Thursday, September 1, 2011

Unforgettable Teachers

Teacher's Day is today. I can't help but remember the teachers who have ever crossed my path. I remember best the good and bad ones. They are like covers of a textbook that sandwich my school life. Who would recall the pages/teachers in between?

The bad ones come to mind most easily because they  have terrified and punished us in some way. For example, teachers who liked to slap. We never forget teachers who slap, do we?

I had a couple of teachers in my primary school who were just like that. In those days, it was normal for teachers to inflict corporal punishment and not just with hand but with all kinds of instruments. The cane, the ruler, feather duster...even the chalk duster. Yes, we used chalkboards then and our teachers enjoyed throwing  dusters at us. It did not matter if the dusters were oval of felt or oblong of wood, it came flying out if we weren't paying attention. Too bad if it knocked into your head. "Cry some more! I'll send you out of class" was the joined reminder that came with the flying projectile. If it was just felt, the most you got was a big puff of chalk across your face or the black of your hair (if that metal eye hook didn't catch you first). Wood was something else.

Yup, in those days, you hoped for none and wished the least... painful of punishments. There was also public caning on stage during school assembly.

My first instance of slapping came early in P2.

The teacher in question was a certain Mrs Lee, an elderly lady with greying hair. She was probably on the verge of retirement. She often wore a loose-fitting cheongsam typical of women her age and time. They were often of expensive material so I think she must have been well-off. She also wore a pair of sharp cornered spectacles popular with the ladies at the time.

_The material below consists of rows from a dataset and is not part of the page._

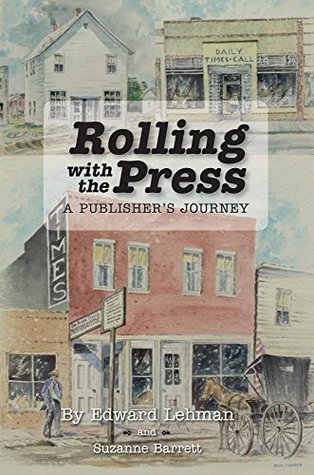 Read Rolling with the Press: A Publisher's Journey - Edward Lehman file in PDF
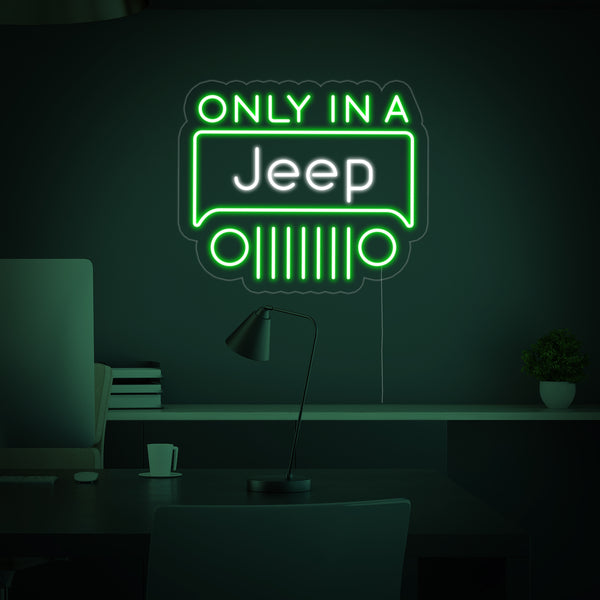Only in a Jeep Neon Sign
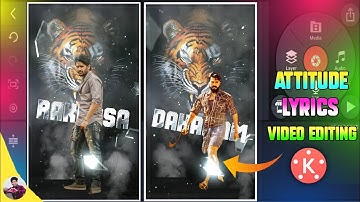 Amazing Attitude Lyrics Video Editing Kinemaster | Attitude Lyrics Video Kaise Banaye | Status Edit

As a teacher, Mrs Lee was rather impatient and liked to scold a lot in that sharp voice of hers. I think she was mostly confused by the lot of us active kids. One peculiar thing though: she was very concerned with our appearance, admonishing us often if our hair or clothes were out of place. She kept a feather duster on her desk always and would whack the desk to get our attention. However, once we got out of control, she would pull offenders aside and give a quick slap. "Didn't I tell you..." she would begin. We poor kids were often too shocked to listen or respond.

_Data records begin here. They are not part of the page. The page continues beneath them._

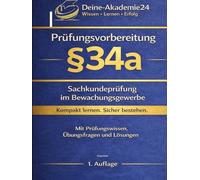 IHK Prüfungsvorbereitung §34a - Sachkundeprüfung Bewachungsgewerbe: Rechtsgrundlagen, Gefahrenabwehr, Deeskalation, Datenschutz und Übungsfragen (IHK Prüfungsvorbereitung - §34a, §34d, §34f, §34i)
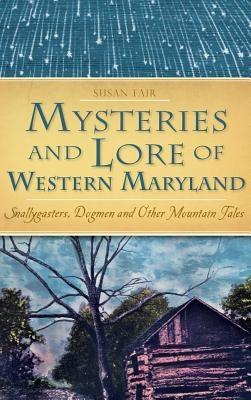 Mysteries and Lore of Western Maryland: Snallygasters, Dogmen and Other Mountain Tales by Fair, Susan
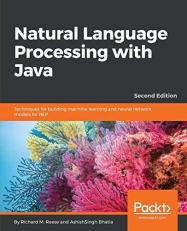 Natural Language Processing with Java : Techniques for Building Machine Learning and Neural Network Models for NLP, 2nd Edition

One day, I got slapped for showing my toy to a friend while she was teaching. We were all seated on the floor then. At first, I was utterly embarassed at being punished like that, but when it become the norm in class, we all took it in our stride. We nicknamed her Happy Slappy, liked she was a dwarf in that classic Disney fairy tale.

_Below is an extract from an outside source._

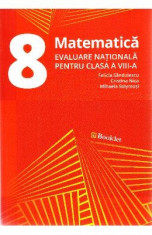 Evaluare nationala. Matematica - Clasa 8 - Felicia Sandulescu, Cristina Nica foto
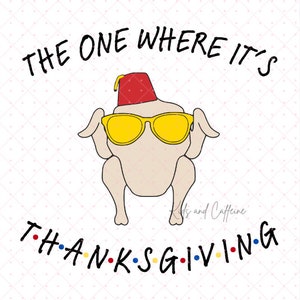 The One Where it&#39;s Thanksgiving - Friends turkey - Monica - Thanksgiving PNG - Thanksgiving Humor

An incident soon happened after that first slapping: I peed in my pants in class. It happened because I was terrified of interrupting her class, even if it was to go to the toilet.

As soon as that warm feeling came, I quickly crawled under the side wall (which usually had a gap of about 18 inches) and stood outside in the corridor. Pee gushed down the sides of my leg. Mrs Lee came out to investigate, hands on hips. She took one menacing look and shook her finger at me, lost for words. I half expected her to slap me for creating such a mess and braced myself for it. But for some reason, she didn't. Instead, she instructed a younger teacher next door to clean up after me and to bring me to the school office to borrow a new pair of shorts.

Quite a few of my classmates peed in class that year. The principal should have taken notice of the number of shorts taken out of her office. Her kids were being terrified downstairs, right under her nose!

The other teacher who liked to slap was an exact opposite of Mrs Lee - she was young and pretty. She was Ms Leng but we all nicknamed her Barbie Doll.

'Barbie Doll' was no doubt pretty with her cherry lips, black mascara eyes and slim face framed by luscious shoulder-length hair. She was also Barbie tall and slim, and liked to wear flared black pants matched with fancy print blouses. Together with her A-Go-Go clogs, she looked the happening 60s/70s chick. The thing I cannot forget is that her face was always covered with heavy foundation. We used to joke about it cracking, why she didn't seem to laugh that much. You could call her a cold beauty with eyes that drilled right into you.

Besides slapping she also liked to punish us kids in unusual ways. Her favourite thing to do was to make us knock our knuckles with a ruler in front of class. Another punishment was to hold a dead lizard in our  palm. This freaked most of my girl classmates out.

Altogether, Ms Leng's prettiness and unusual punishments were both hard to reconcile. Kind of sado-masochistic if you ask me.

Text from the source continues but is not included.